Phil Kenmore examines the challenges facing NHS non-executive directors in driving better organisational outcomes, achieving change and holding executives to account
Being a non-executive director in the NHS is not an easy job. But who would want to do it if it were? The challenge, the complexity and the sense of public value all make these roles worthwhile.But as most NEDs know, the time when people aspired to the role because they wanted to give something back - and thought this meant turning up to a few board meetings and walking the wards occasionally - are long gone.
These roles have fundamentally changed with the advent of foundation trusts. In these organisations, NEDs are there to hold executive teams to account and to drive performance, not to represent the community, which has become the role of the members and governors.
This is probably just as true now in primary care trusts, strategic health authorities and other non-FTs. Although there is still a strong element representing the community, the NED role has shifted as public engagement becomes more sophisticated and the need to drive organisational change and performance has increased.
Many non-execs in the NHS have some private sector non-executive experience, but can still struggle in the NHS context because it requires different influencing skills. The organisational politics are highly complex and the strategic context is largely set by central government policies beyond the control of the board.Driving change, ensuring organisational performance and holding the executive team to account are therefore challenging tasks for the non-executives on the board.
A clear perspective
For most NEDs, the first step to doing this successfully is to understand what their role entails. To drive performance, NEDs must focus on organisational outcomes - not outputs.Processes are good proxy measures, but nothing is more important than the results the organisation produces. If NEDs have a clear view of what these should be, they have a good starting point to managing the performance of the organisation and their executive team.
To do this, NEDs (and the board as a whole) need a clear view of the organisation's strategy.A clear strategy allows NEDs to establish a clear policy for managing the performance of the executives. In other words, what sort of objectives should be set for the executives as a team and how will these drive the outcomes the organisation wants to achieve? What specific measures can be used to encourage the right behaviour to achieve these objectives and what targets can we set?
Once the objectives, measures and targets are in place, the mechanisms for reporting them to the board, and for rewarding the executive team, must be established.
These things are easier said than done in the NHS. Some targets are given - such as for MRSA, 18 weeks, and accident and emergency waiting times - others are seen as "must dos", such as financial balance (or surplus). But the problem now is that the NHS can achieve strong financial performance, but at the expense of quality.
Financial management is clearly an essential part of any business, but the NHS is a customer-driven environment and quality is the cornerstone of its perceived success or failure. NEDs must remember this when setting the framework within which executives are performance managed.

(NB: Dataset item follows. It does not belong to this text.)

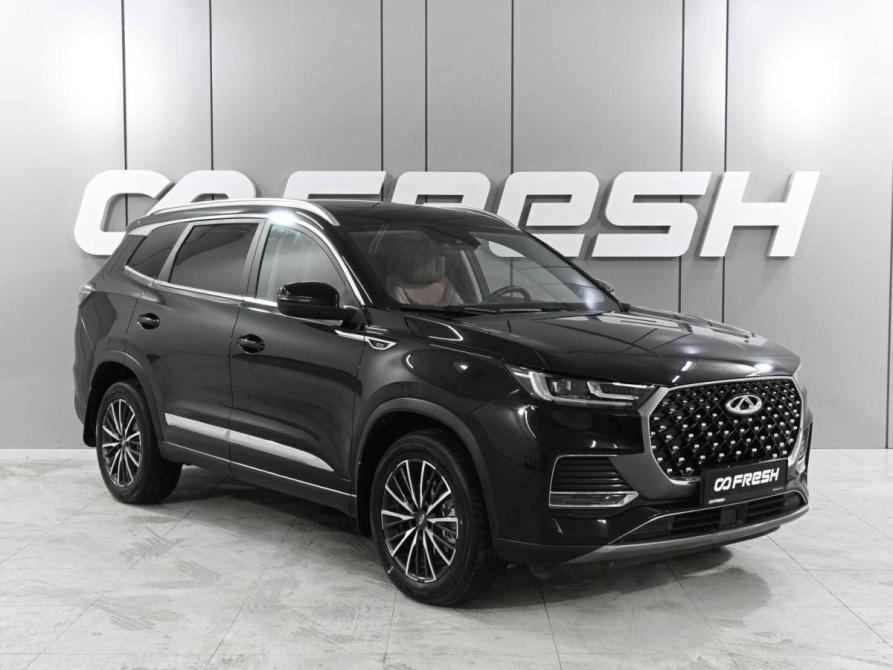 Chery Tiggo 8 Pro Max I Ростов-на-Дону  - изображение 1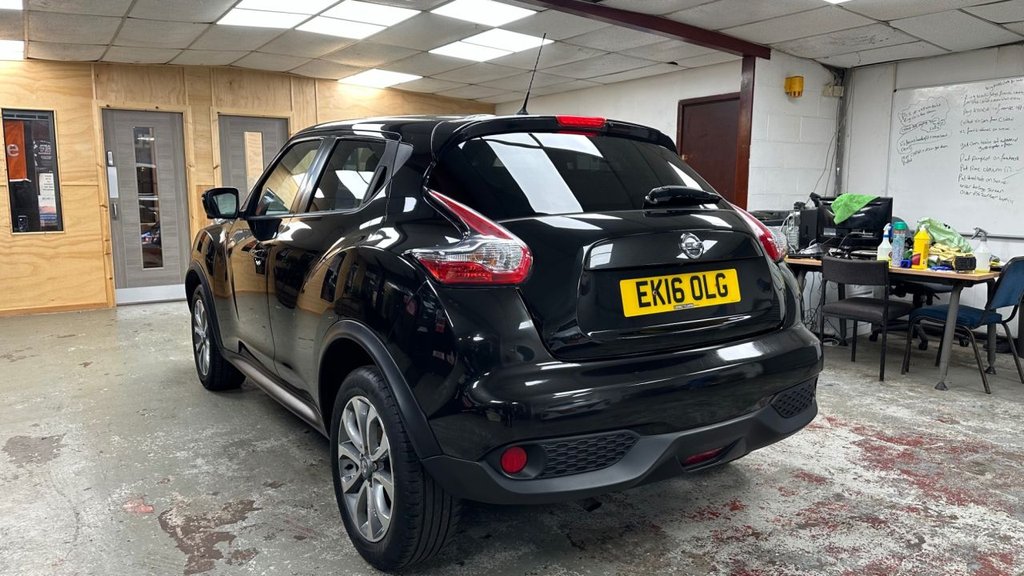 Used Nissan Juke 2016 for sale - 76547126: Photo 9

This becomes a significant challenge for those taking on NED roles, who must understand the business of the NHS, how it works, its organisational politics and the ethos of care that underlies everything it does.
Although some people would strongly disagree, it could be argued that the key to maintaining a clear approach to driving performance and holding executives to account is not to get too involved in the care ethos of the organisation. NEDs need to retain an objective perspective to lead the organisation effectively as a board.
Yes, it matters that Mrs Smith in ward X has had a poor experience or Mr Jones has not been able to access his GP, but it is not the NEDs' role to take up these issues. The NED must maintain a broader perspective of the needs of the public and what the organisation can do to achieve better outcomes across the breadth of its work.
It is the executive's role to ensure day-to-day performance meets the standards required and expected for individuals. This is something some NEDs lose sight of, and as a result they become too embroiled in operational detail, reducing their impartiality and their value as guardians of the required strategy for longer-term success.
So what should NEDs do to drive better organisational outcomes, achieve change and hold their executives to account? Here are some top tips:
- understand the business of the NHS in depth, its culture, politics and environment;
- do not get sucked too far into the moral/ethical purpose of the NHS at an individual level - maintain perspective;
- do whatever you can to build a strong NED team and board;
- be clear about the organisational outcomes that are most important;
- set clear objectives with specific measures for the executive team around these outcomes;
- review and act on these with single-minded intensity, do not get distracted by short-term operational or political issues.